**Exercise data**
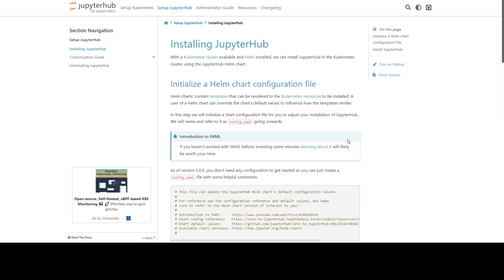So in order to install JupyterHub you need a few things. First you should have a running Kubernetes cluster and helm install.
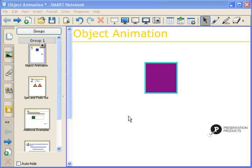My name is Kyla Paré. I'm the Education Consultant for Presentation Products, and I'm going to show you how to use Object Animation within Smart Notebook Software.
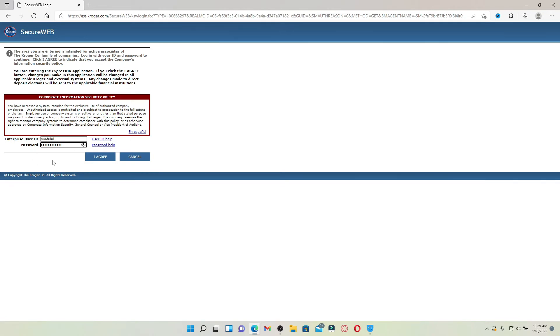Click on I agree and you'll be able to log into your employee account for Kroger. That is how you can easily access your employee account and manage it online.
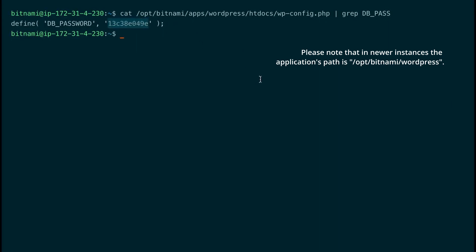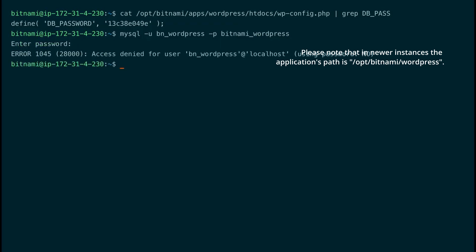There you can see the password, just copy and paste it. Now we can log in to MySQL. You paste the password.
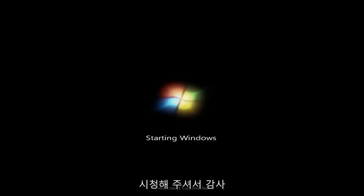As always thank you for watching, and I will catch you in the next tutorial. Goodbye.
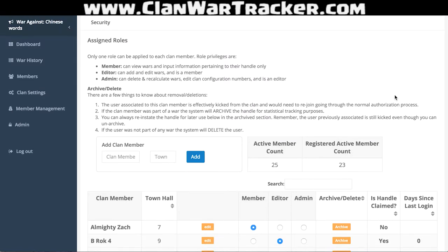You can see that there are certain roles assigned: members, editors, and admin. Basically what you need to know is that a member does not have the ability to do anything other than input their own data. Editors are the people that go through and are responsible for adding wars, making sure all the information is correct, and assigning attacks for people. They have a greater role, and I would encourage you to make most of your clan members editors if you trust them or if they're family or friends. Only leave people as members if they're new to your clan and you just need to feel them out to see if they're a good fit.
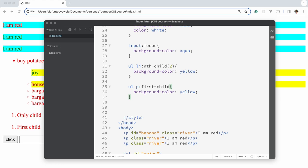Next, we're going to talk about fonts, font families, and all the properties that apply to text.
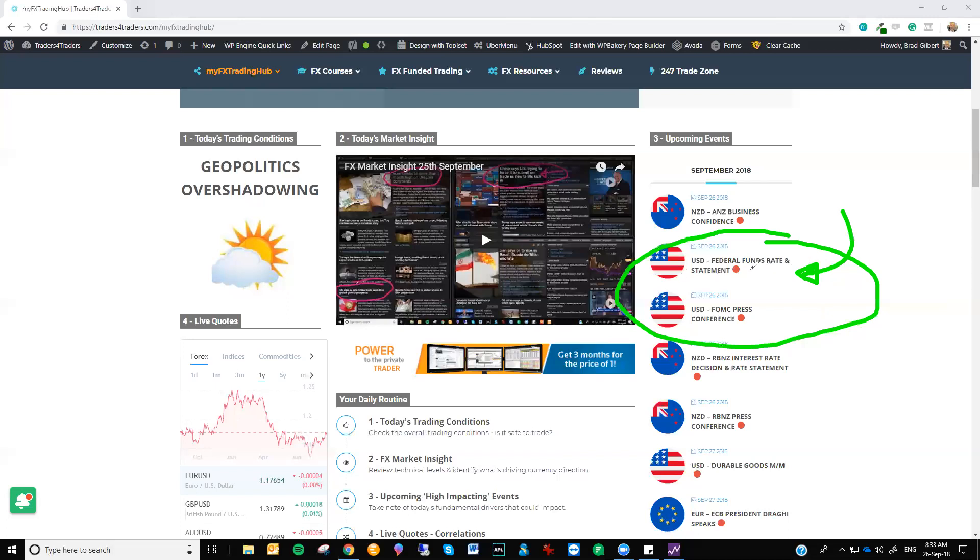Now, they have done an extremely good job of forecasting what they need to do. They have potentially got two more hikes this year, one now in September and another one in December. They are on track to complete their plan that even Janet Yellen set out over a year ago.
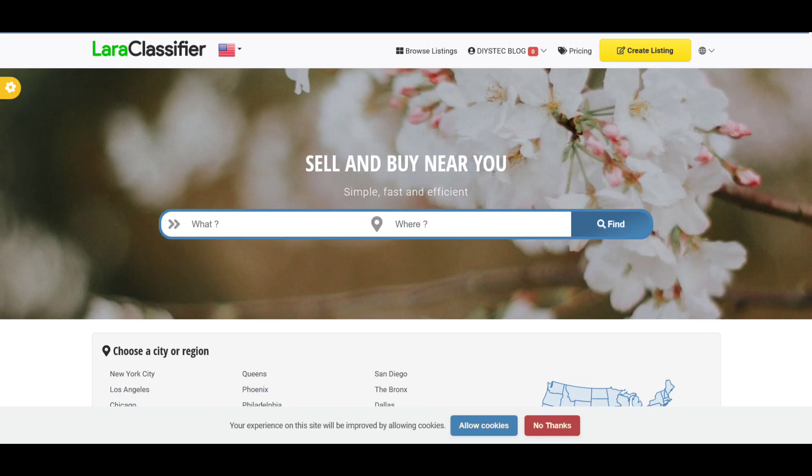Hello guys. Today I want to show you some important custom features every user of the Lara classifier script should have in their classified ads website.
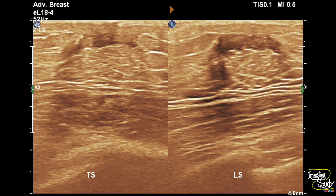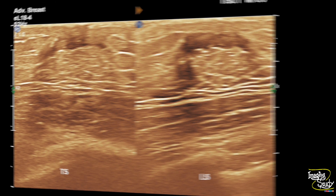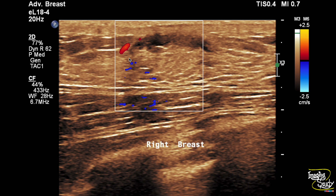Here we have used the high-frequency linear transducer to evaluate the right breast, which was apparently normal. You can see there is no fat plane irregularity and no development of a dense mammary layer. We applied color Doppler and there was no aberrant vascularity within the right breast region.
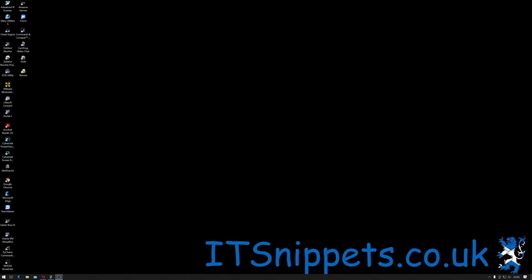Hi ladies and gentlemen, welcome to IT Snippets. Today I'm going to show you how to change your screen resolution on a Windows machine.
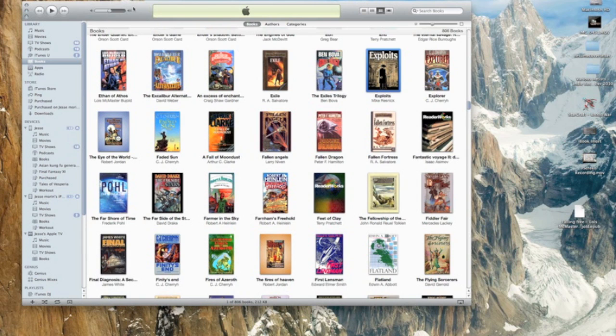Welcome all. Today I'll be showing you how to import your existing eBooks into iTunes for use on your iPhone or iPad. The first thing you need to do is download the iBooks application.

**Exercise goal**
Everything from the line containing "As always thank" through the final line of the material must be set down exactly, except the pictures.

**Solution**
As always thank you for watching, and I will catch you in the next tutorial. Goodbye.
You can see that there are certain roles assigned: members, editors, and admin. Basically what you need to know is that a member does not have the ability to do anything other than input their own data. Editors are the people that go through and are responsible for adding wars, making sure all the information is correct, and assigning attacks for people. They have a greater role, and I would encourage you to make most of your clan members editors if you trust them or if they're family or friends. Only leave people as members if they're new to your clan and you just need to feel them out to see if they're a good fit.
Next, we're going to talk about fonts, font families, and all the properties that apply to text.
Now, they have done an extremely good job of forecasting what they need to do. They have potentially got two more hikes this year, one now in September and another one in December. They are on track to complete their plan that even Janet Yellen set out over a year ago.
Hello guys. Today I want to show you some important custom features every user of the Lara classifier script should have in their classified ads website.
Here we have used the high-frequency linear transducer to evaluate the right breast, which was apparently normal. You can see there is no fat plane irregularity and no development of a dense mammary layer. We applied color Doppler and there was no aberrant vascularity within the right breast region.
Hi ladies and gentlemen, welcome to IT Snippets. Today I'm going to show you how to change your screen resolution on a Windows machine.
Welcome all. Today I'll be showing you how to import your existing eBooks into iTunes for use on your iPhone or iPad. The first thing you need to do is download the iBooks application.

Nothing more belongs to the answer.